_WHAT THIS TASK INVOLVES_
In the records below, repeat exactly the lines between the line holding "Guest House Toli" and the line holding "KHARKIV, UKRAINE - 25.", inclusive, and drop the pictures.

_DATA FOR ANALYSIS_
---
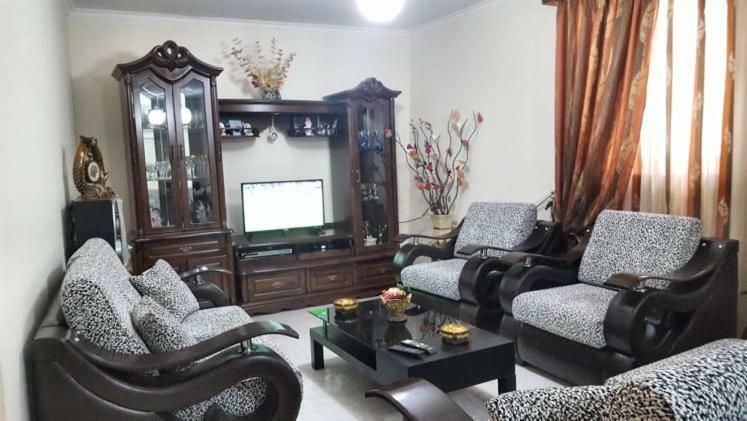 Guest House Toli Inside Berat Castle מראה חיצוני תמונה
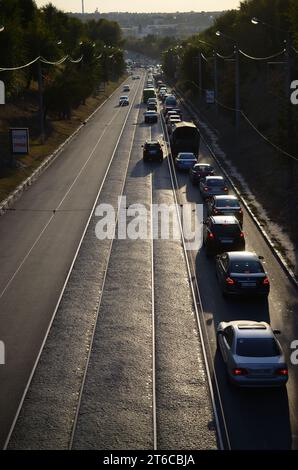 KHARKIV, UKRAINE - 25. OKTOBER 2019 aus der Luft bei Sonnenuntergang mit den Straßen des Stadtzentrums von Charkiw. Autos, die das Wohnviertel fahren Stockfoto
---
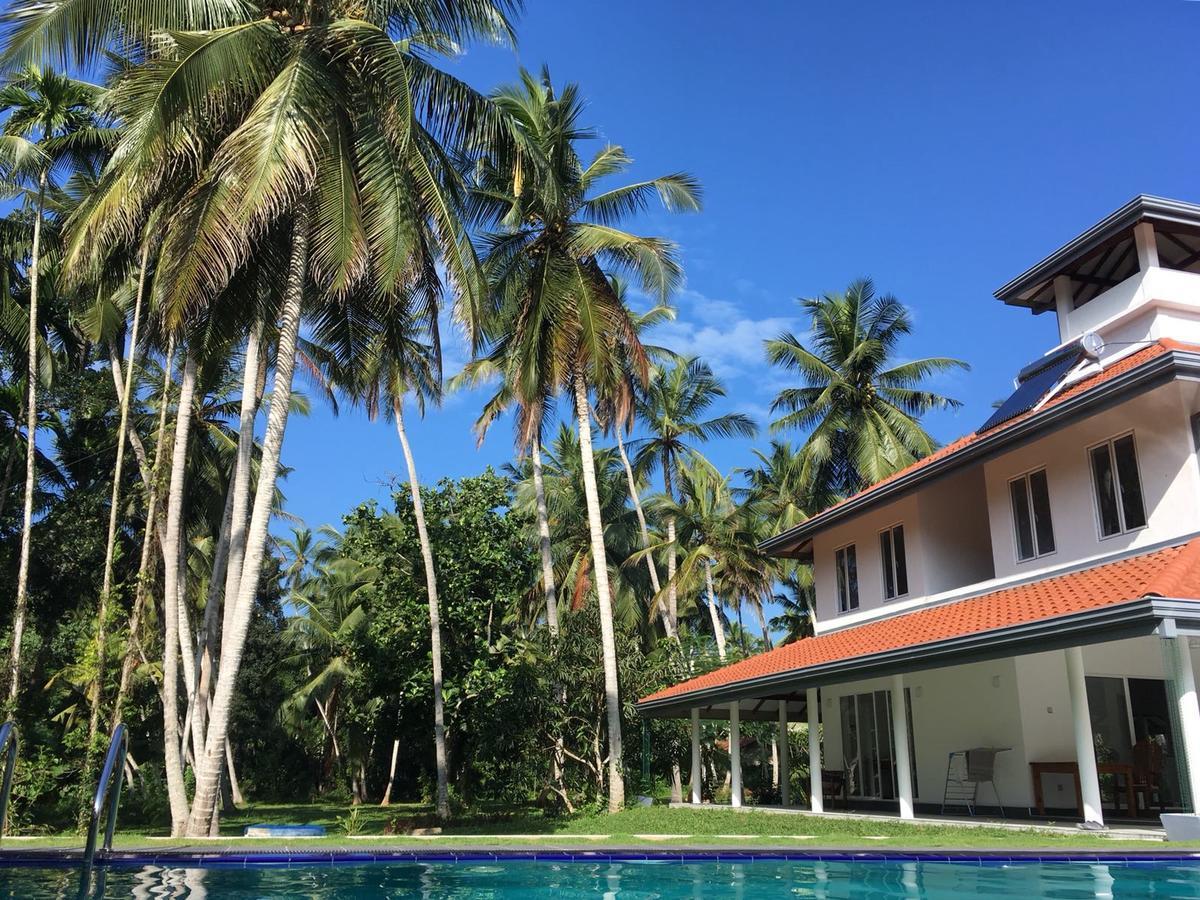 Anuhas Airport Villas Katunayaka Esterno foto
---
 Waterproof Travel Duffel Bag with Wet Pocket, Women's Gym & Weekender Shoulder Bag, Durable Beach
---
_ANSWER SECTION_
 Guest House Toli Inside Berat Castle מראה חיצוני תמונה
 KHARKIV, UKRAINE - 25. OKTOBER 2019 aus der Luft bei Sonnenuntergang mit den Straßen des Stadtzentrums von Charkiw. Autos, die das Wohnviertel fahren Stockfoto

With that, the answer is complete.